From then on, the official
mantra was that it was impossible to tell if a financial bubble was in
formation and the markets had to be given their head, with the Fed intervening
to support them when their speculative activities gave rise to a crisis.
This program was intensified
after the financial crash of 2008, when the government doled out hundreds of
billions of dollars to bail out the banks and the Fed initiated its policy of
quantitative easing, providing trillions of dollars of ultra-cheap money to
ensure that the speculative binge continued and expanded.
At the same time, it was
insisted that corporate taxes had to be continually reduced. This has now
resulted in a situation where, as a recent analysis revealed, 60 US
corporations, appropriating billions of dollars in profits, paid no tax in
2018, with some receiving a tax refund.
Trump’s latest intervention is
accompanied by the claim that the US economy is powering ahead and could grow
even faster if only the Fed stopped holding it back. But rather than indicating
strength, Trump’s ultimatums express a deepening crisis and fear that the
financial house of cards will collapse unless still more money is pumped into
the system.
Claims of the underlying
strength of the US economy are belied by basic facts. The present interest rate
of between 2.25 percent and 2.5 percent is one of the lowest in economic
history, but the Trump administration wants it cut by at least 0.5 percent.
The stock market, bloated by
financial speculation, is like a drug addict who demands more as his underlying
health continues to deteriorate. When the US financial markets neared bear
market territory earlier this year and Wall Street demanded that the Fed halt
its policy of incremental rate increases, the Fed snapped into line and
Chairman Jerome Powell announced it would abandon its efforts to “normalize”
interest rates, leading to the latest rally, which has pushed the Dow to within
a few points of its record high.
At the end of 2017, Trump
claimed that the trillions of dollars handed out in corporate tax cuts would
cause the economy to roar ahead with expanded investment and the provision of
well-paying jobs. This lie has been exposed as the vast bulk of the money the
tax cuts provided has gone for share buybacks and other parasitic means of
pumping more money into the coffers of the rich.
Now the global economy, upon
which the US economy is dependent notwithstanding Trump’s claims of the success
of his “America First” program, is experiencing a significant slowdown after a
brief upturn in 2017.
In its latest economic
outlook, the International Monetary Fund cut its forecast for global growth,
warning that 70 percent of the world economy was undergoing deceleration, a
phenomenon concentrated in the advanced economies, including the US. Those
warnings have been underscored by the announcement on Wednesday by the German
government that it was halving its forecast for economic growth in 2019 to just
0.5 percent.
The Trump administration is
frightened by the prospect of a recession, or even a significant slowdown in
the economy, fueling the growing wave of strikes and protests and transforming
it into a social explosion, not only in the so-called rust belt areas that
voted for his presidency, but across the country.
These fears extend beyond the
White House.

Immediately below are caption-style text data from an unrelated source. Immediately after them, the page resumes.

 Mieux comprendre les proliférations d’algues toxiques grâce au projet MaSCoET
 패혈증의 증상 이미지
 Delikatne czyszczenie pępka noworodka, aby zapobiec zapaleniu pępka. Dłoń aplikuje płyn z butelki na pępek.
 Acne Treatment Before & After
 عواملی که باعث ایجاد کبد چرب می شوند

In a recent essay, the head of the hedge fund Bridgewater
Associates, the multibillionaire Ray Dalio, warned that when there is a “very
big gap” in the economic conditions of people, a downturn can lead to conflict
and “revolutions of one sort or another.”

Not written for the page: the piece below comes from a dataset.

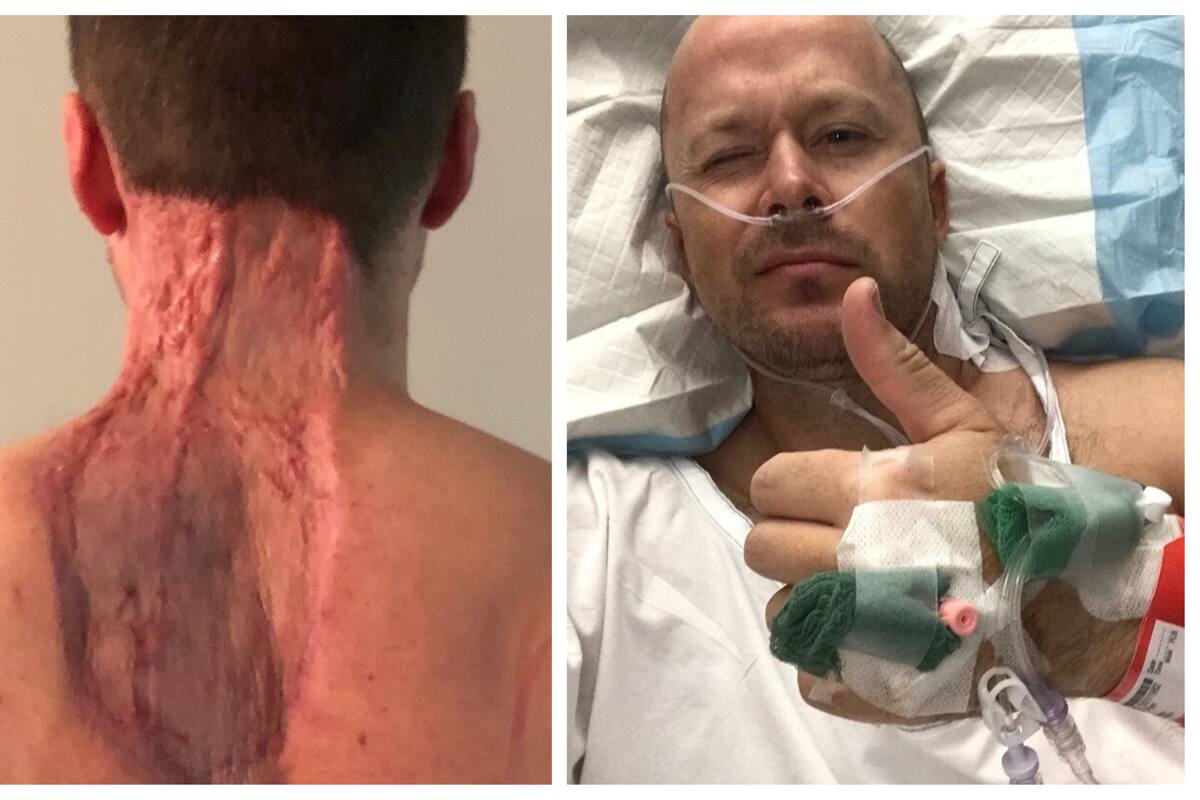 El peligro del Sol: Arrancan enorme pedazo de piel a hombre para quitar melanoma mortal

With interest rates already at
historic lows, Dalio said he was “worried what the next economic downturn will
be like, especially as central banks have limited ability to reverse it.”
It is above all the fear
within the ruling elite of growing socialist sentiment in the working class
that underlies both Trump’s self-proclaimed war against socialism and the
bipartisan attack by the ruling elite on democratic rights.